Order-independent fuzzy matching of "Firstname Lastname"/"Lastname Firstname" in R?

1.2k Views Asked by At

I have two lists of names for the same set of students which have been collected separately. There are numerous typographical errors and I have been using fuzzy matching to link the two lists. I am 99+% there with agrep and similar, but am stuck on the following basic problem: how can I match (for example) the forenames "Adrian Bruce" and "Bruce Adrian"? The Levenshtein edit distance is no good for this particular case as it counts number of substitutions.

This must be a very common problem, but I cannot find any standard R package or routine for addressing it. I presume I am missing something obvious...???

2

There are 2 best solutions below

0
On

The technique I usually use is pretty robust and relatively insensitive to ordering, punctuation, etc.. It's based on objects called "n-grams". If n=2, "bigrams". For instance:

"Adrian Bruce" --> ("Ad","dr","ri","ia","an","n "," B","Br","ru","uc","ce")
"Bruce Adrian" --> ("Br","ru","uc","ce","e "," A","Ad","dr","ri","ia","an")

Each string has 11 bigrams. 9 of them are in common. Thus, the similarity score is very high: 9/11 or 0.818 where 1.000 is a perfect match.

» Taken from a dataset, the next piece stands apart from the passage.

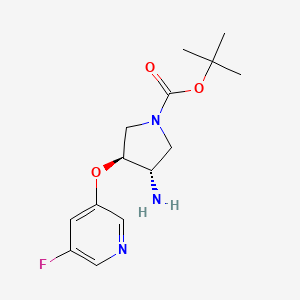 molecular formula C14H20FN3O3 B12994578 tert-Butyl (3S,4S)-3-amino-4-((5-fluoropyridin-3-yl)oxy)pyrrolidine-1-carboxylate 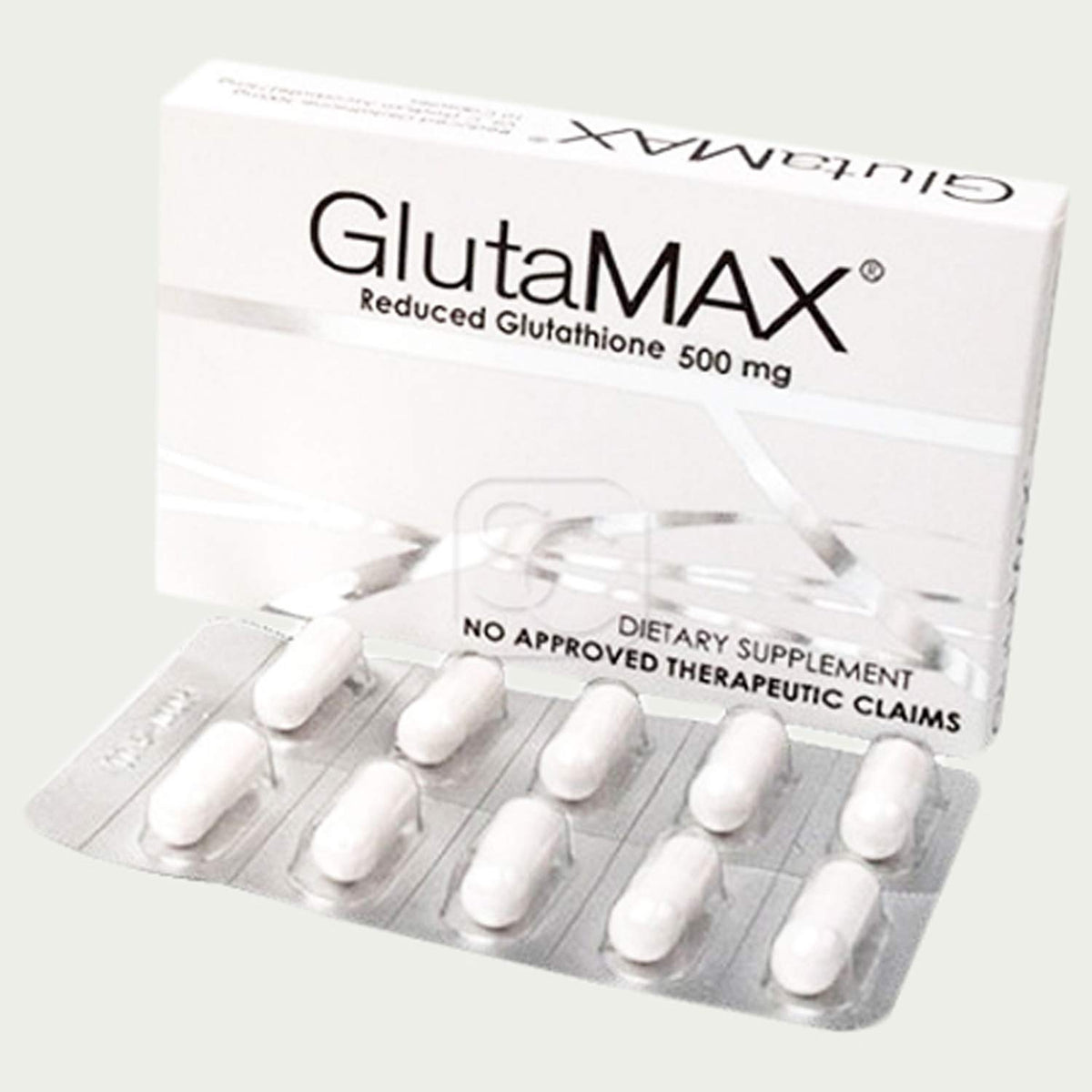 GlutaMAX bottle pour showing skin revitalization capsules for radiant, even-toned skin.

I am not very familiar with R, but if a package does not exist, this technique is very easy to code. You can write a code that loops through the bigrams of string 1 and tallies how many are contained in string 2.

3
On

Well, one fairly easy way is to swap the words and match again...

y=c("Bruce Almighty", "Lee, Bruce", "Leroy Brown")
y2 <- sub("(.*) (.*)", "\\2 \\1", y)

agrep("Bruce Lee", y)  # No match
agrep("Bruce Lee", y2) # Match!